Course Proposal

Distributed Communications Systems Architecture

Harold Carr, Ph.D.

Purpose

This course teaches an architectural framework for building distributed communications systems.

Detail

Distributed communications systems (DCS) get reinvented every N years. Examples are DCE, DCOM, CORBA and SOAP. This course teaches an architecture for DCS which supports the above concrete instances. The prominent elements of the architecture are Presentation (the data types available to the programming model), Encoding (how the data types are represented on-the-wire), Protocol (how the data is "framed" for transmission) and Transport (how the framed/encoded data is moved from one location to another).

Method

The course will consist of lectures and programming assignments. The lectures will teach the DCS architecture the entire course duration.

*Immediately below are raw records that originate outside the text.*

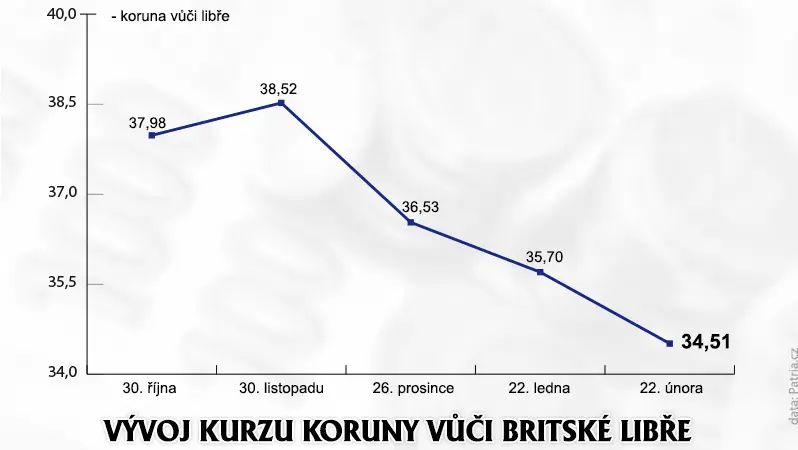 Britanie Pro Cechy Zlevnuje Libra Ke Korune Podle Ekonomu Jeste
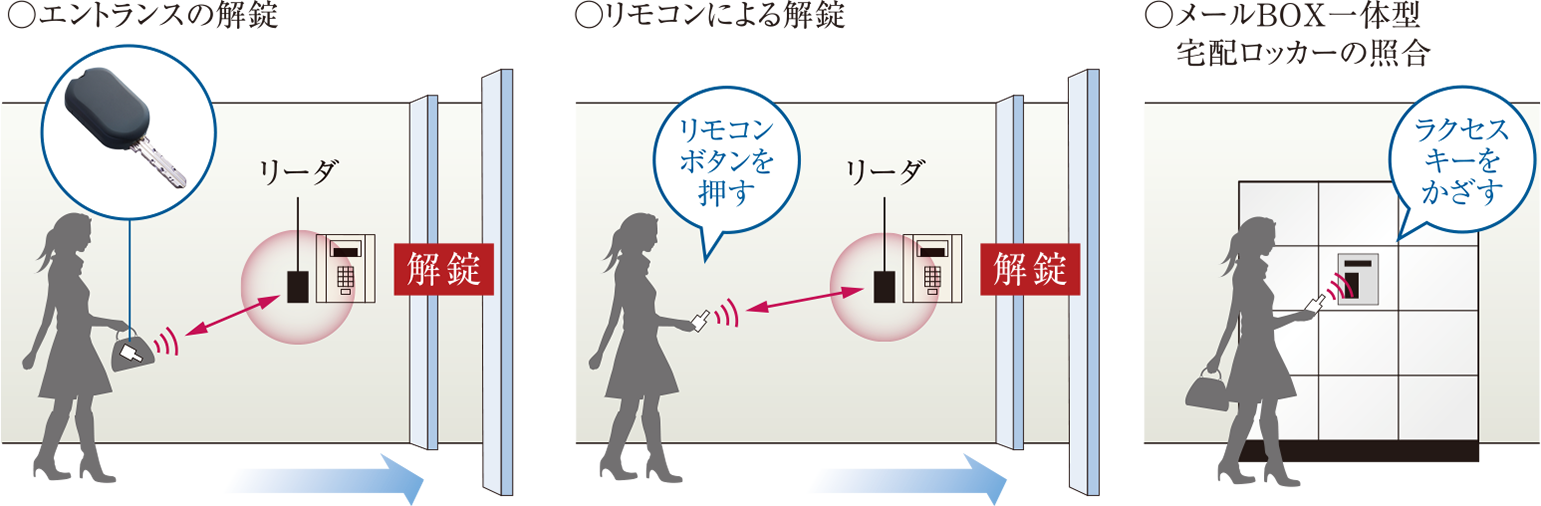「ラクセス」概念図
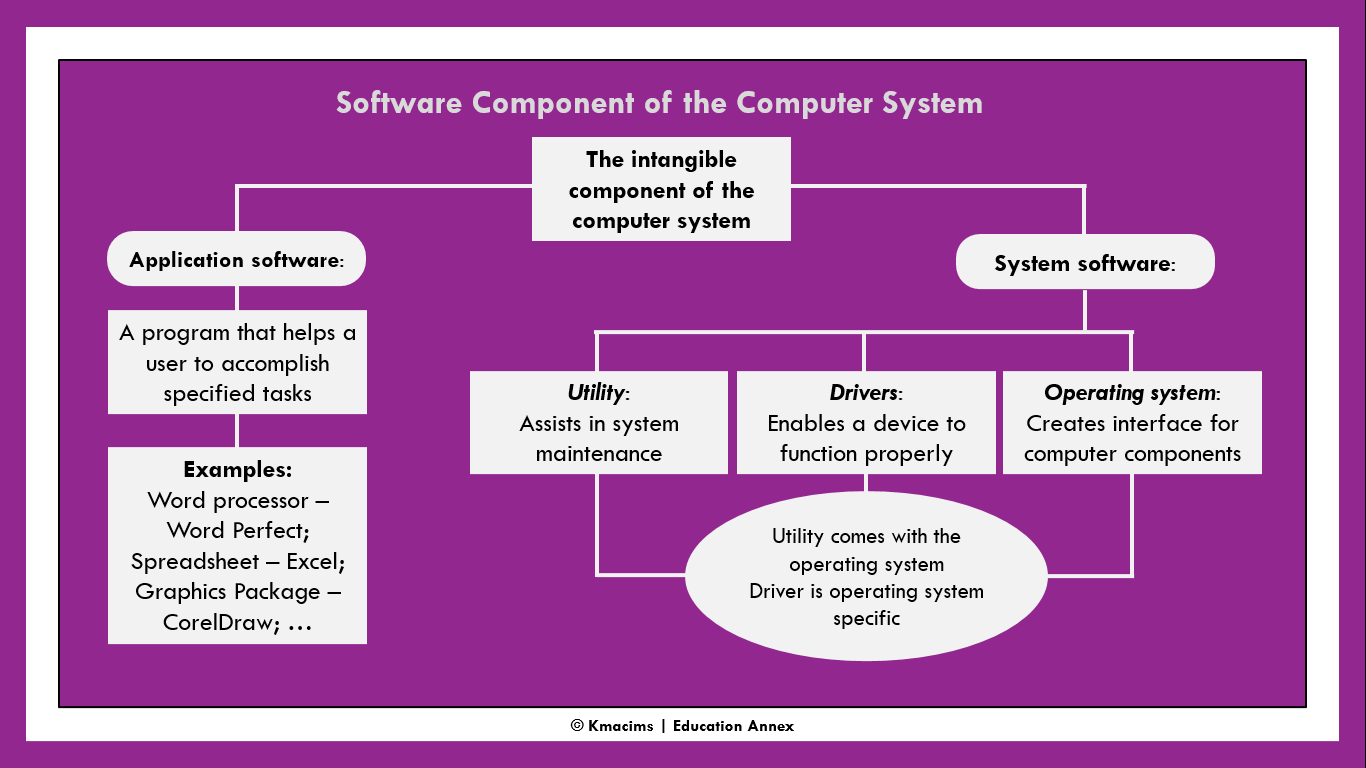 Basic Concept Of Computer System: The Operating System - Kmacims ...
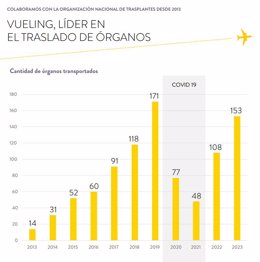 Número de órganos trasladados anualmente por Vueling desde 2013, cuando la aerolínea empezó a colaborar con la Organización Nacional de Trasplantes (ONT)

Lectures will also cover specified systems such as CORBA and SOAP. The programming assignments will be:

  1. Build a CORBA client and server.
  2. Build a SOAP client and server.
  3. Write a CORBA or SOAP client using the DCS architecture which communicates with both #1 and #2 transparently to the programming model. This is done by "plugging in" alternate protocol and encoding modules while maintaining a constant presentation and transport modules.
  4. (time permitting): Modify client #3 talk SOAP over BEEP (I'll supply the server side part of this work).
Not covered

The lectures will show how security and transactions fit into the framework but the programming assignments will not involve these features.

Note: this course does not teach web service nor CORBA programming. It teaches the underlying architecture of such systems.

Related work

This course teaches a framework for building distributed communications systems. It is related to (but sits conceptually above) frameworks for building network and application protocols.